__PROMPT__
Nothing but the lines from the one containing "Jaguar Speedboat 2" through the one containing "CONFEZIONE 3 SLIP", both included, should be given again, each exactly as written below.

(Collection entries)
====================
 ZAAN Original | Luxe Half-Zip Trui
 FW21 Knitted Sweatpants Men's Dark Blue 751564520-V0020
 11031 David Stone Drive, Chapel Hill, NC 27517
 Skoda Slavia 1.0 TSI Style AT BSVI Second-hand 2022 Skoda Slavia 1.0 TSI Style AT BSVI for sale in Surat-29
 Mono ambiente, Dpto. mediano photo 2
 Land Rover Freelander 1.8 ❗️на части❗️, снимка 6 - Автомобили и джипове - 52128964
====================
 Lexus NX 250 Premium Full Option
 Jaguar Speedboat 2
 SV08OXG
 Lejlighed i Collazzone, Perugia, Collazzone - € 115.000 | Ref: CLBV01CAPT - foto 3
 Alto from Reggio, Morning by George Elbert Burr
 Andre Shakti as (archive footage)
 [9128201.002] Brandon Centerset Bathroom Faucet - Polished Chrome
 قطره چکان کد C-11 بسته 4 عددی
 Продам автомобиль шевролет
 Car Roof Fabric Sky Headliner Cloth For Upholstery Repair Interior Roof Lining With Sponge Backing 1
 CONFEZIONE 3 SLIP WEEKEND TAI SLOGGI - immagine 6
====================
__TASK RESPONSE__
 Jaguar Speedboat 2
 SV08OXG
 Lejlighed i Collazzone, Perugia, Collazzone - € 115.000 | Ref: CLBV01CAPT - foto 3
 Alto from Reggio, Morning by George Elbert Burr
 Andre Shakti as (archive footage)
 [9128201.002] Brandon Centerset Bathroom Faucet - Polished Chrome
 قطره چکان کد C-11 بسته 4 عددی
 Продам автомобиль шевролет
 Car Roof Fabric Sky Headliner Cloth For Upholstery Repair Interior Roof Lining With Sponge Backing 1
 CONFEZIONE 3 SLIP WEEKEND TAI SLOGGI - immagine 6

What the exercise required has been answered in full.